» Task: With pictures omitted, the line containing "Museum UGM Dapat" and all later lines of the records below are to be restated word for word.

» Scraped caption text data:
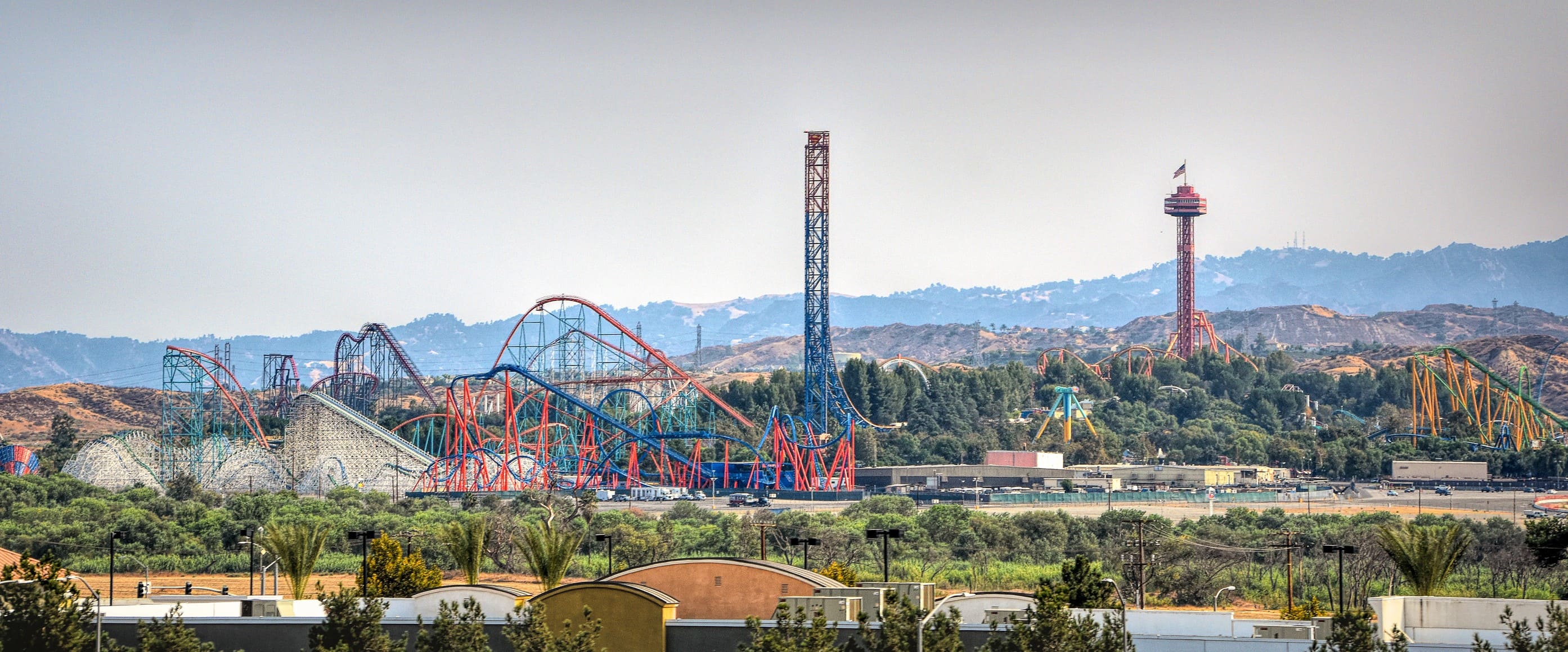 Самые лучшие парки развлечений в мире - Six Flags Magic Mountain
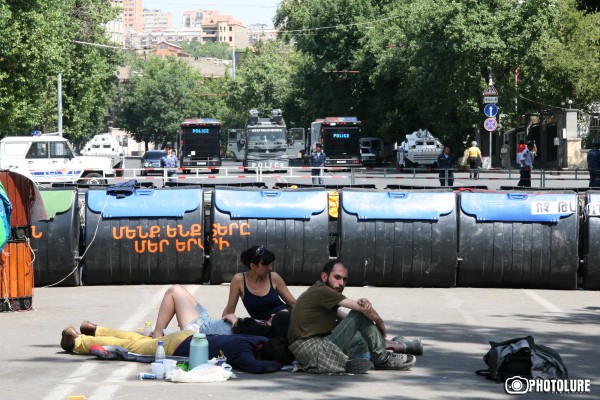 The situation is too intense on Baghramyan Avenue, the Police try to seize the barricades from dustbins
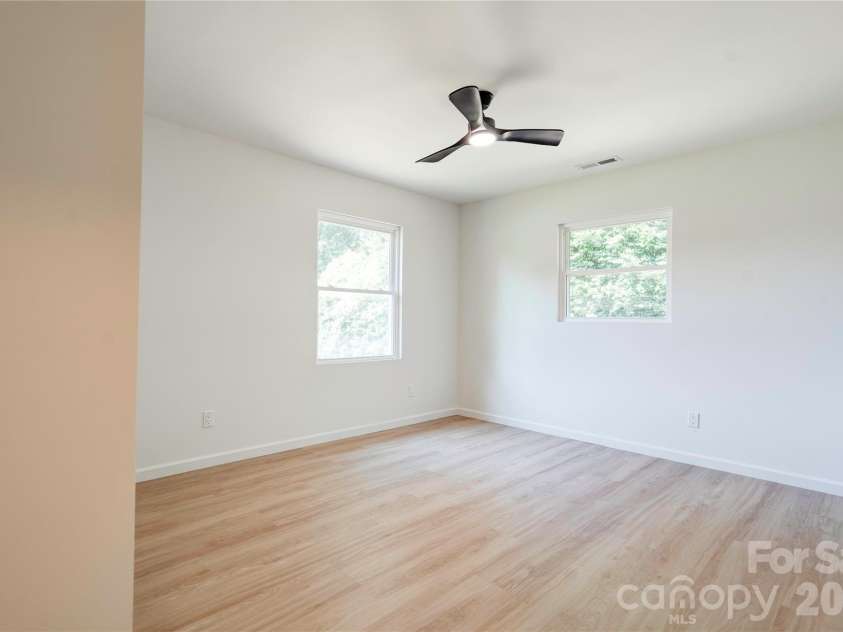 2994 Lutz Boulevard, Newton, NC 28658.  MLS# CAR4392327, YatesRealty ID 30949. 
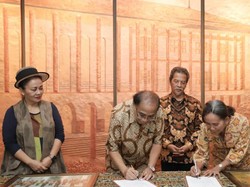 Museum UGM Dapat Hibah Koleksi Eks Menko Kemaritiman, Foto Presiden-Eks Rektor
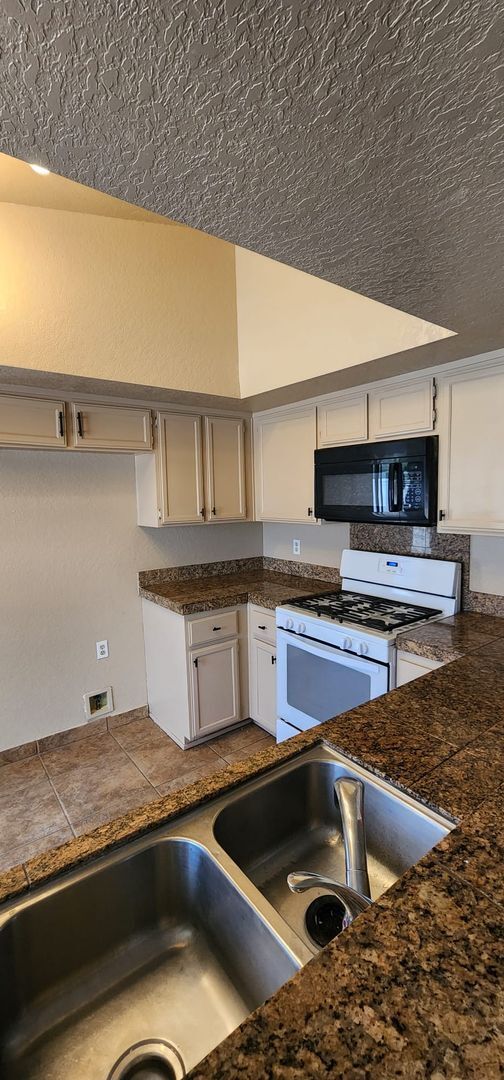 Building Photo - Charming Single Family Home!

» Your solution:
 Museum UGM Dapat Hibah Koleksi Eks Menko Kemaritiman, Foto Presiden-Eks Rektor
 Building Photo - Charming Single Family Home!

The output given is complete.